SPOKANE — The race for one open U.S. House seat and dozens of legislative races highlight the Washington state primary election contests, which end Tuesday.
The most closely watched race has been for Washington’s 4th Congressional District, which includes Yakima and the Tri-Cities. Republican U.S. Rep. Doc Hastings is giving up the seat after 20 years, and a dozen candidates are seeking a slot in the two-person runoff.
Because the district tilts heavily to the GOP, David Ammons, spokesman for the secretary of state’s office, said this race could become the first congressional contest in state history in which two people from the same party advance to the November ballot under the state’s Top 2 primary system, which was adopted in 2008.
Former legislator and state Agriculture Director Dan Newhouse and former NFL star Clint Didier, a tea party candidate, are considered the front-runners among the eight Republicans. There are also two Democrats and two independents in the race.
The remaining nine U.S. House seats are also contested in the primary, with the incumbents seeking re-election.
While voters began receiving their primary ballots in the mail weeks ago, Tuesday is the last day to get them postmarked for delivery.
In the Legislature, all 98 House seats are in the mix, as are 25 Senate seats. Currently in the Legislature, a mostly Republican coalition holds a 26-23 advantage in the Senate, and Democrats hold a 55-43 advantage in the House.
In 95 of the 123 legislative races, there’s no contest. Twenty-two races are unopposed, and in 73 seats, there are only two candidates running, all of whom will automatically advance to the November ballot.
An open state Senate seat in the 37th District has drawn six contenders — five Democrats and one Republican — to replace retiring Democratic Sen. Adam Kline.
A contentious race in the Senate’s 31st District has two Republicans battling to move forward: incumbent state Sen. Pam Roach and Rep. Cathy Dahlquist. A third candidate, Lynda Messner, is running as a Democrat, but her party affiliation has been questioned by allies of Dahlquist and local Democrats because of comments she made online.
Democratic incumbent state Sen. Tim Sheldon, who raised the ire of his party when he crossed lines to caucus with Republicans and help create the Majority Coalition Caucus in the Senate, faces challengers from the right and left in the 35th District primary. Business groups and others have spent more than $161,000 in support of Sheldon in advance of the primary.
About 40 percent of Washington’s registered voters are expected to cast ballots, Ammons said.

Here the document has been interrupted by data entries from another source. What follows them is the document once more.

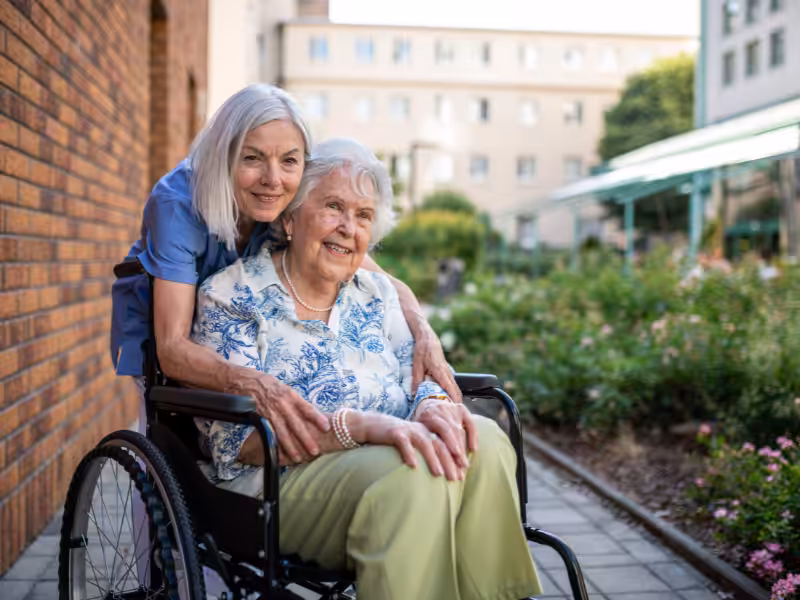 An elderly woman sits in a wheelchair, smiling, while a younger woman stands behind her, hugging her shoulders. They are outdoors on a sunny day, in a garden area next to a building.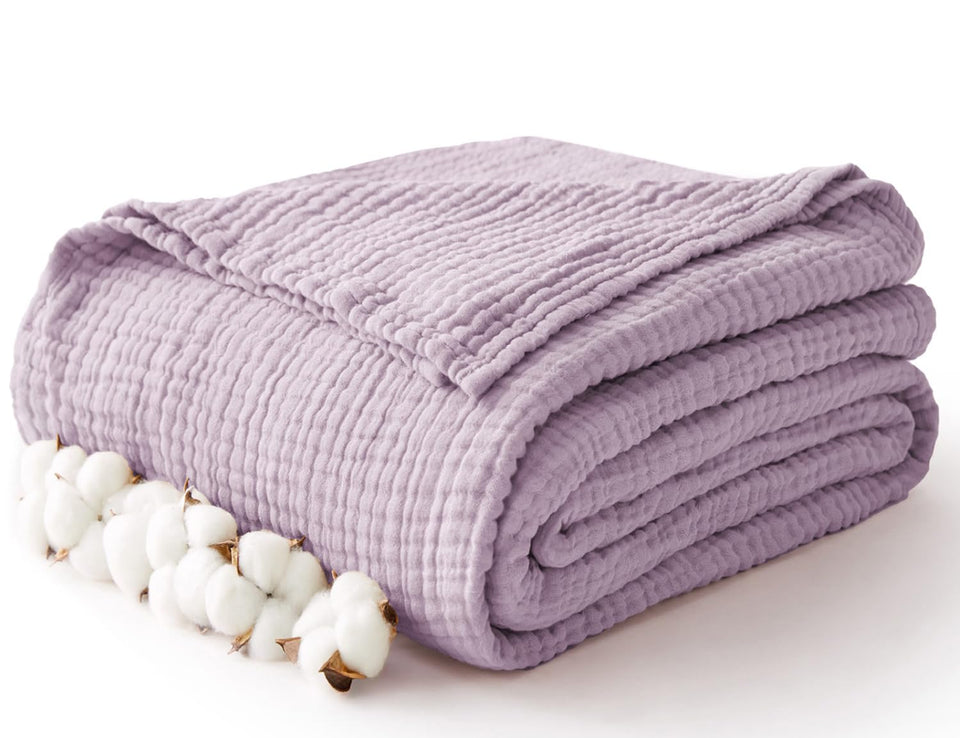 Kozyhvn muslin blanket unfolded, breathable weave for cool all-season comfort.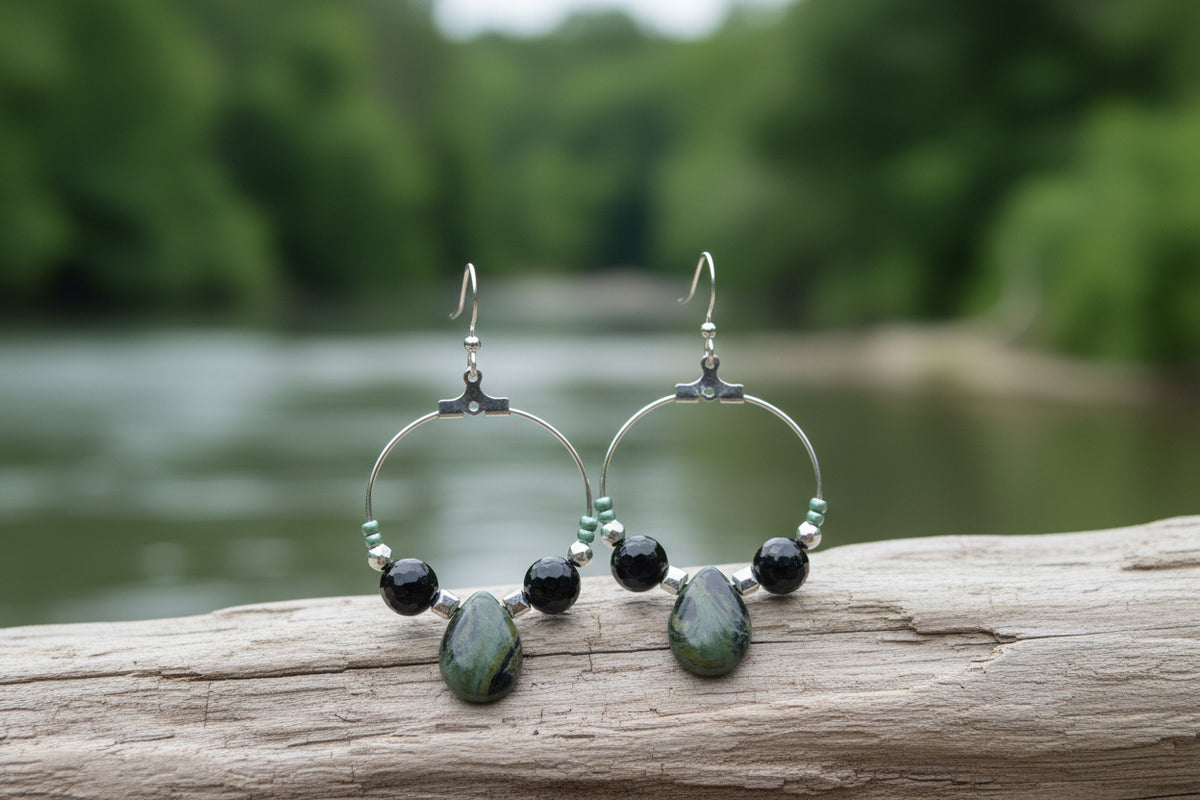 A pair of silver hoop earrings with a Kambaba Jasper bead and two tourmaline beads, displayed against a white background.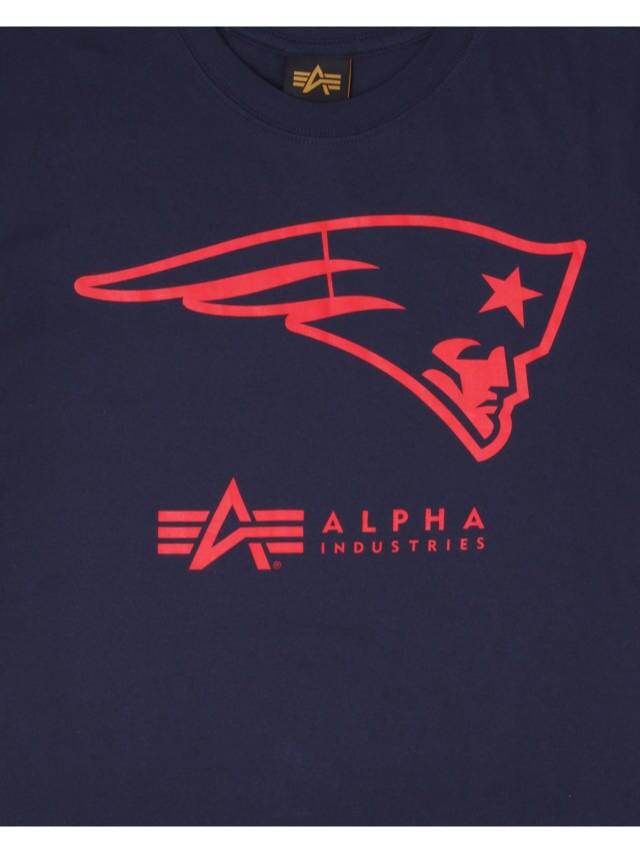 Navy blue t-shirt boasting a bold team logo, highlighting a red stylized patriot head above the Alpha Industries text, by Alpha Industries / NE-NFL.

“That may be high,” Ammons said, noting that he could be overestimating since turnout has been lower elsewhere in the region.
California and Oregon reported record low turnouts in their primaries, Ammons said.
The 40 percent prediction is based on the past two midterm primaries in Washington, Ammons said. But those elections featured contests for a U.S. Senate seat.
There are no candidates for statewide office this year.
The election is entirely vote-by-mail, which means between 50 percent and 60 percent of the vote should be tallied and released on Tuesday evening, Ammons said. The rest will trickle in on subsequent days.